# Assigned task
Quote every line of the data below as it stands, omitting pictures.

# Dataset records

++++++

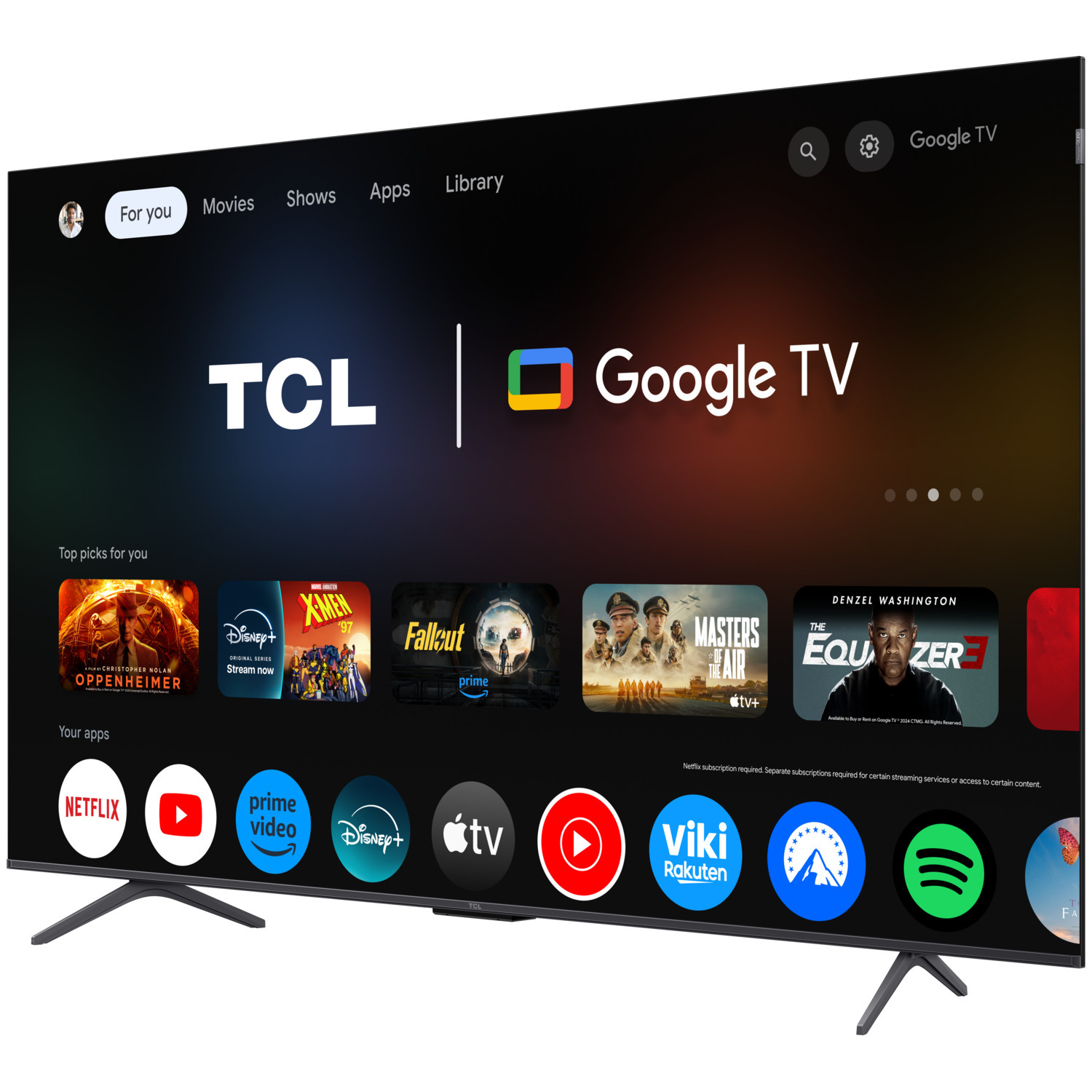 TCL Google TV screen with app icons. Movies, shows, and apps are displayed. Black TV stand.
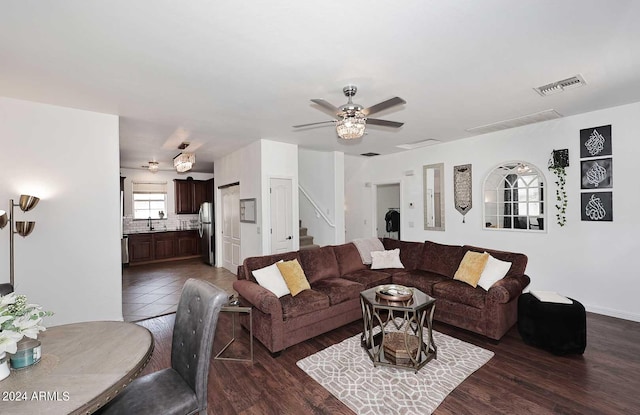 living room featuring ceiling fan and dark hardwood / wood-style flooring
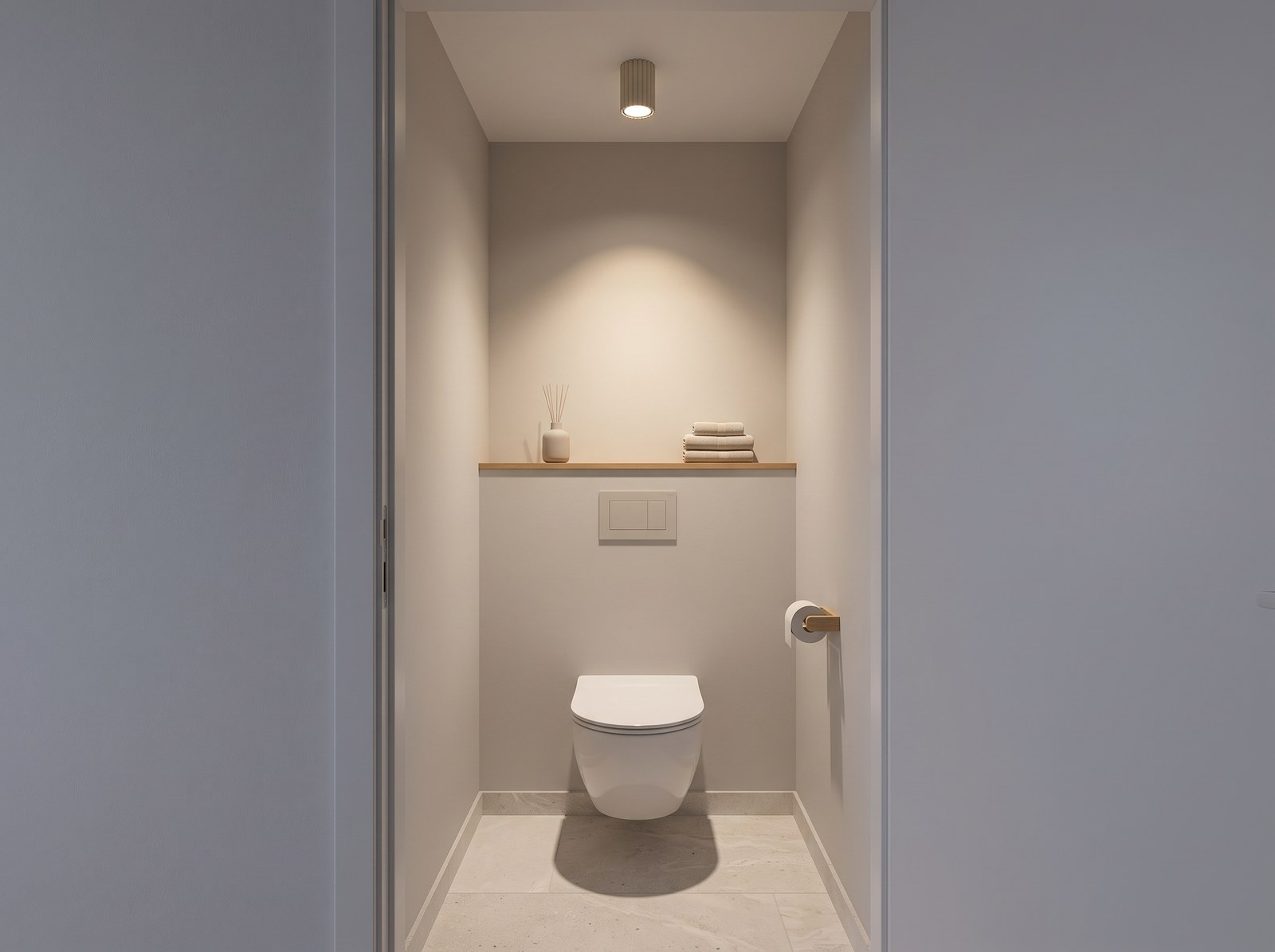 Petit plafonnier cylindrique beige en aluminium rainuré allumé au plafond de toilettes étroites aux murs clairs, dessinant un cône de lumière chaude sur le mur au-dessus de la cuvette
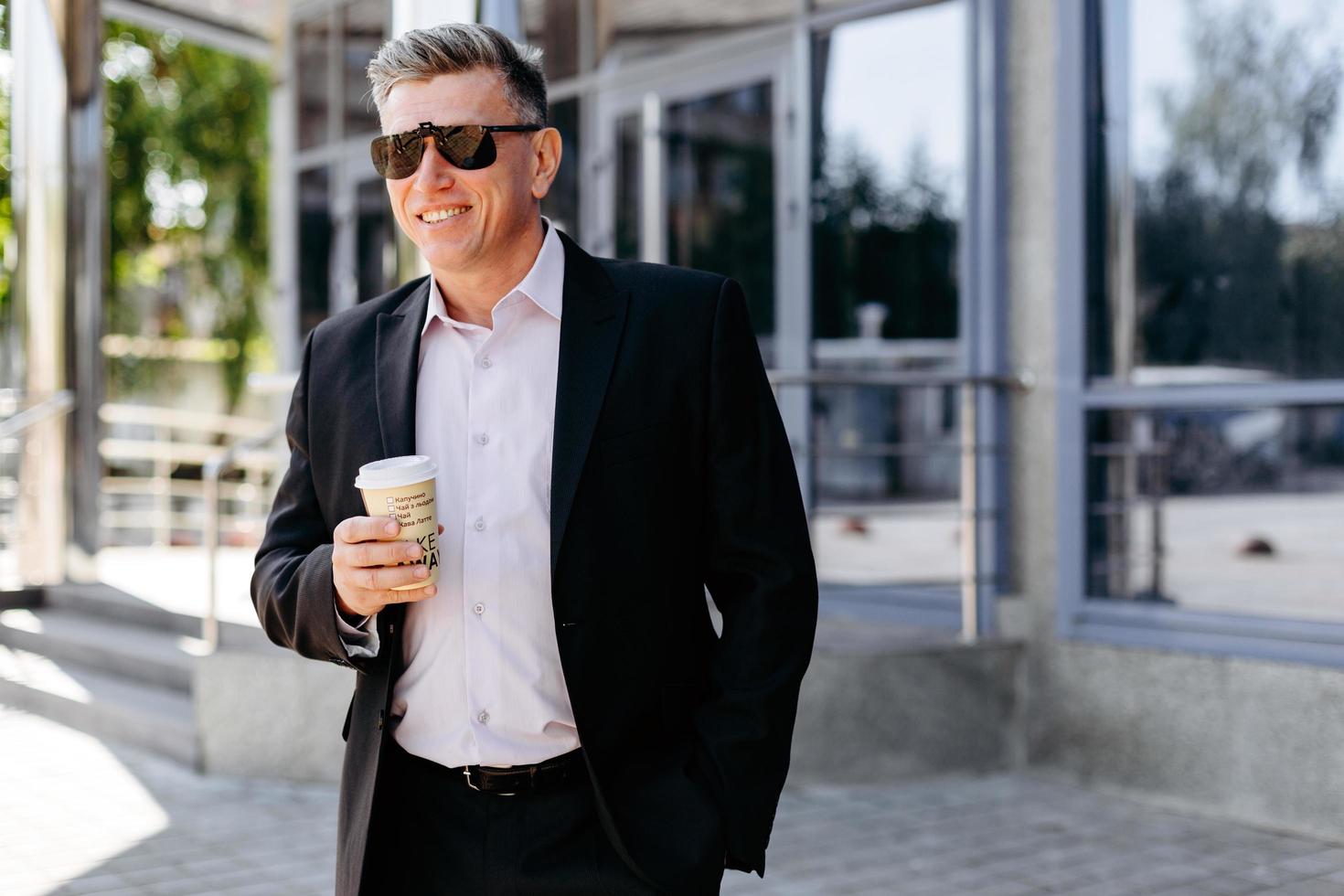 Retrato de hombre de negocios senior sosteniendo una taza de café y sonriendo. - imagen foto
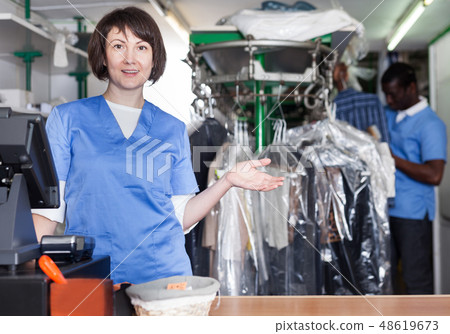Female administrator of laundry at reception Female administrator of laundry at reception 48619673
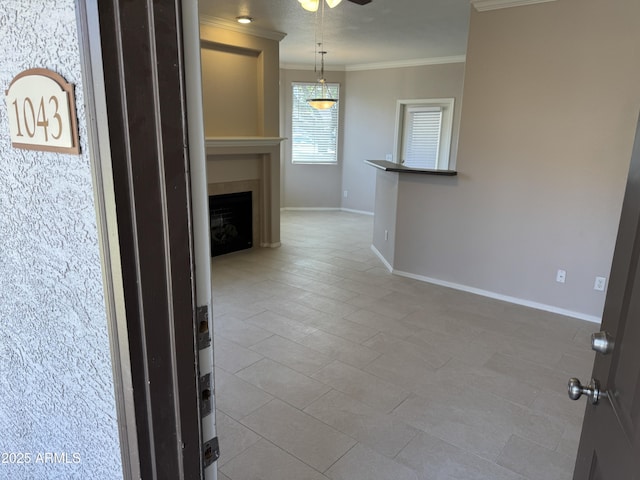 1941 S Pierpont Dr Unit 1043, Mesa, AZ 85206 - unfurnished living room featuring crown molding, a ceiling fan, a fireplace, and tile patterned floors
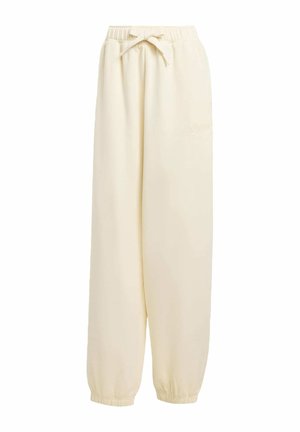 Pantalones de chándal sueltos color beige, fabricados en material suave. Cuentan con una cinturilla elástica con cordón y puños elásticos en los tobillos.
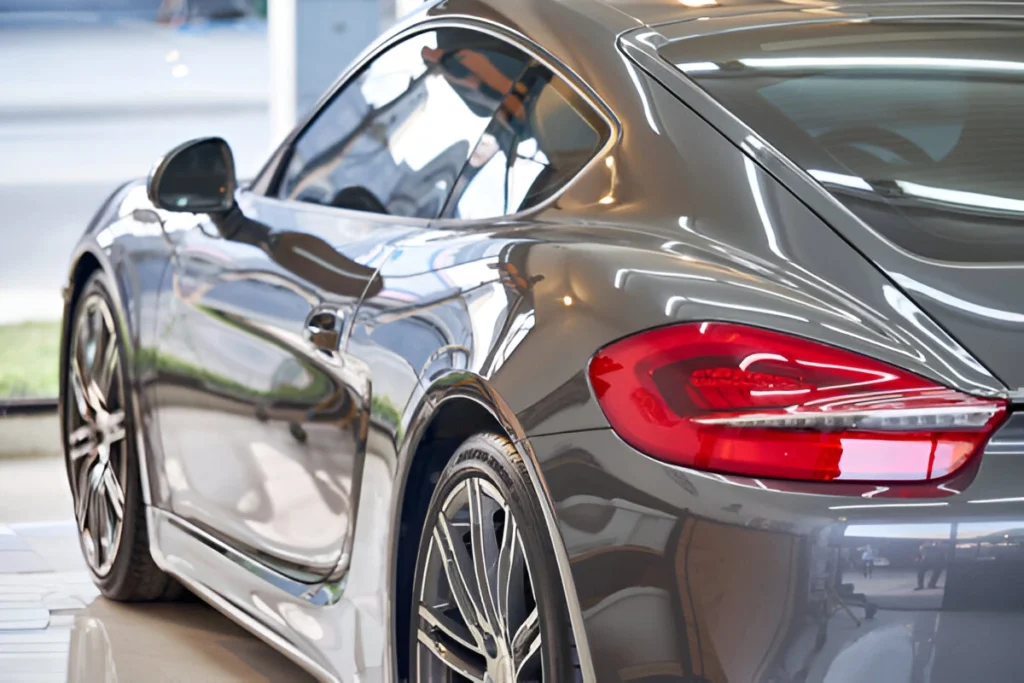 Sleek silver sports car with a highly reflective paint or wrap finish, showing clear reflections of the surrounding environment and lighting.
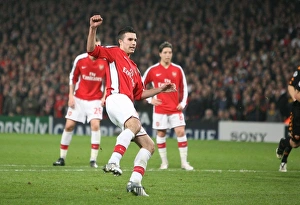 Robin van Persie shoots past Roma goalkeeper Doni to Robin van Persie shoots past Roma goalkeeper Doni to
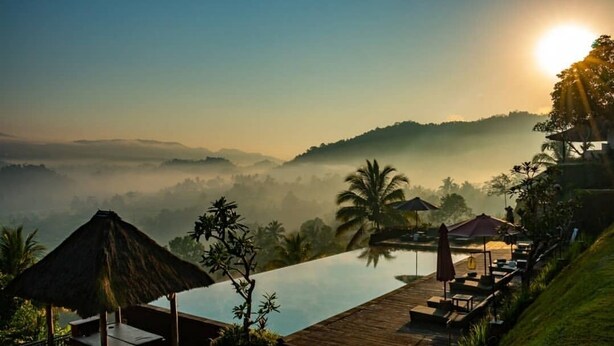 Um resort tranquilo com vista clara do nascer do sol sobre uma paisagem enevoada, piscina infinita e áreas de estar com guarda-sóis.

++++++

# Answer to this task
 TCL Google TV screen with app icons. Movies, shows, and apps are displayed. Black TV stand.
 living room featuring ceiling fan and dark hardwood / wood-style flooring
 Petit plafonnier cylindrique beige en aluminium rainuré allumé au plafond de toilettes étroites aux murs clairs, dessinant un cône de lumière chaude sur le mur au-dessus de la cuvette
 Retrato de hombre de negocios senior sosteniendo una taza de café y sonriendo. - imagen foto
Female administrator of laundry at reception Female administrator of laundry at reception 48619673
 1941 S Pierpont Dr Unit 1043, Mesa, AZ 85206 - unfurnished living room featuring crown molding, a ceiling fan, a fireplace, and tile patterned floors
 Pantalones de chándal sueltos color beige, fabricados en material suave. Cuentan con una cinturilla elástica con cordón y puños elásticos en los tobillos.
 Sleek silver sports car with a highly reflective paint or wrap finish, showing clear reflections of the surrounding environment and lighting.
 Robin van Persie shoots past Roma goalkeeper Doni to Robin van Persie shoots past Roma goalkeeper Doni to
 Um resort tranquilo com vista clara do nascer do sol sobre uma paisagem enevoada, piscina infinita e áreas de estar com guarda-sóis.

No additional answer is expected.